Requirement
Extract from the entries below, exactly as given, only the lines from the line containing "Leash And Collar Bull Philmont" to the line containing "Albergo Renato image", both lines included.

Material provided
* * * * * * * * *

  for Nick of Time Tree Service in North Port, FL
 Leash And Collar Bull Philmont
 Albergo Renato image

* * * * * * * * *

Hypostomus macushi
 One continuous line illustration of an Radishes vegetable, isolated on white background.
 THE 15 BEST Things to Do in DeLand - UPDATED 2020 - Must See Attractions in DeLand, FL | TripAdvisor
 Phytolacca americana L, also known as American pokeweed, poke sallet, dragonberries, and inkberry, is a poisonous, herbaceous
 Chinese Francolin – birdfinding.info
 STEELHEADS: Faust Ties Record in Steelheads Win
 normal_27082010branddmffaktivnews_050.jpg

* * * * * * * * *

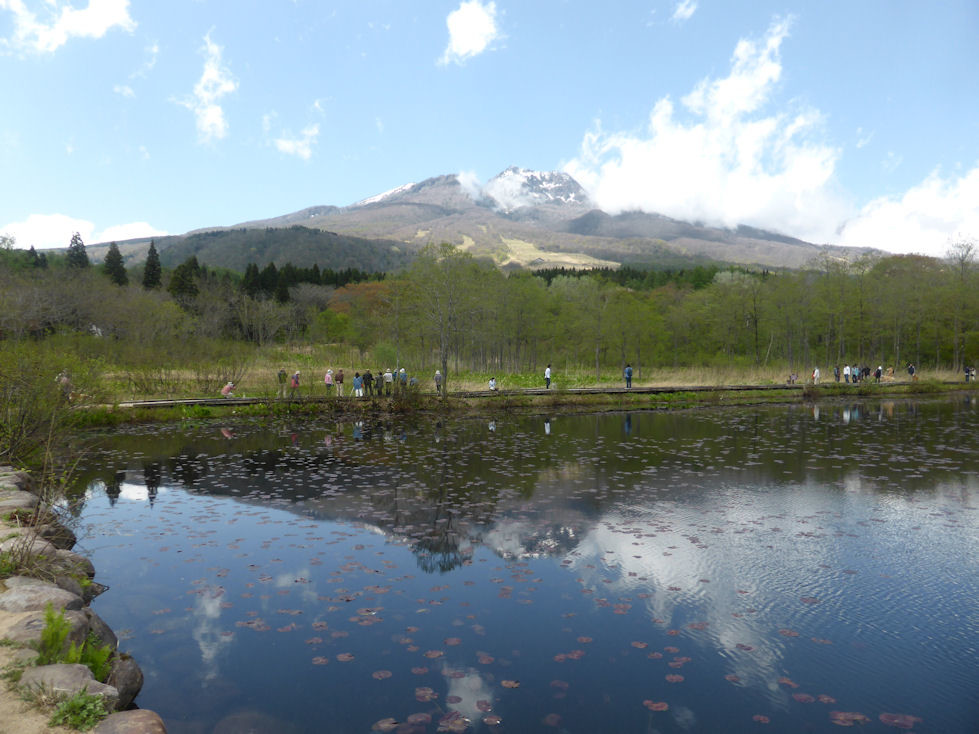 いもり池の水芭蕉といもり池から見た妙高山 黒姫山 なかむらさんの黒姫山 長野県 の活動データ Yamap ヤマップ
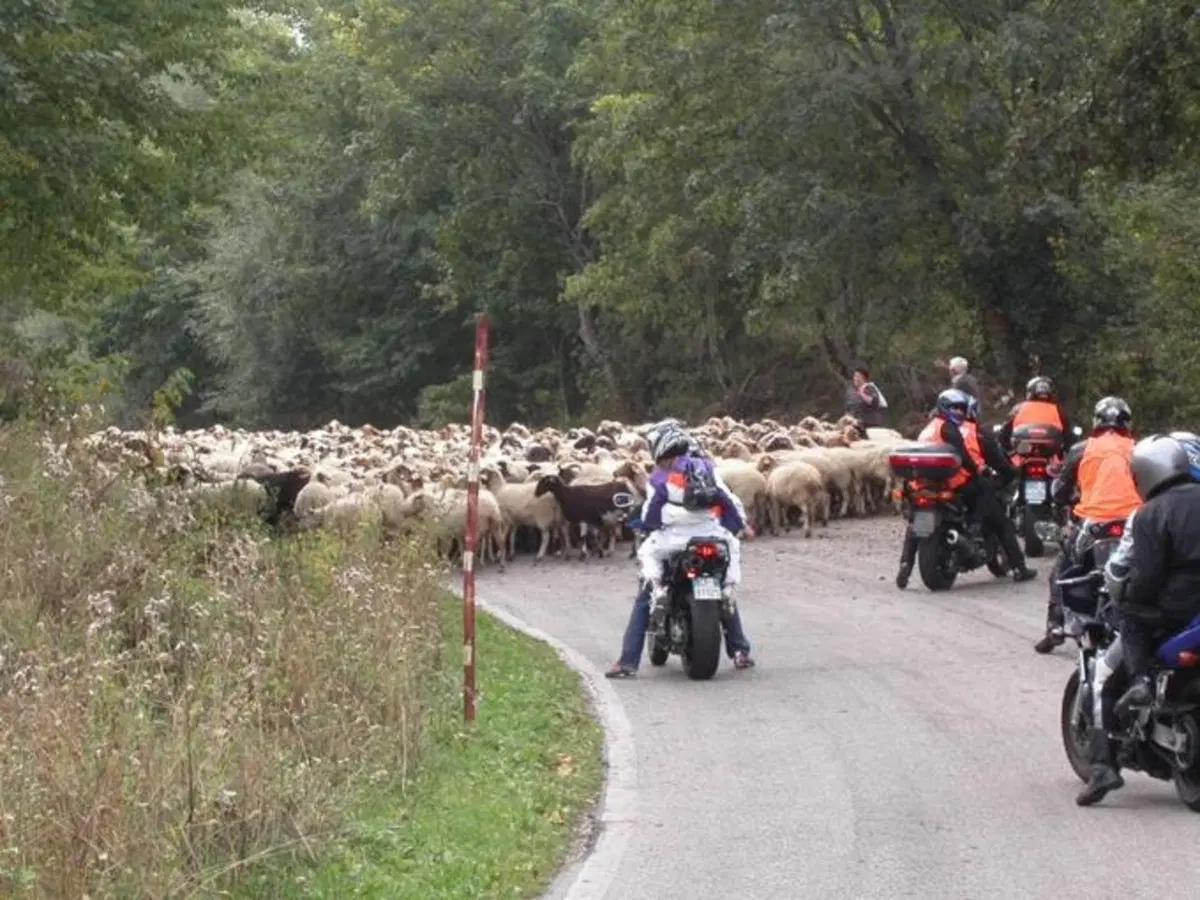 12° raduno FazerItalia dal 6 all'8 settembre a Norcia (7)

* * * * * * * * *

Answer to the problem
 Leash And Collar Bull Philmont
 Albergo Renato image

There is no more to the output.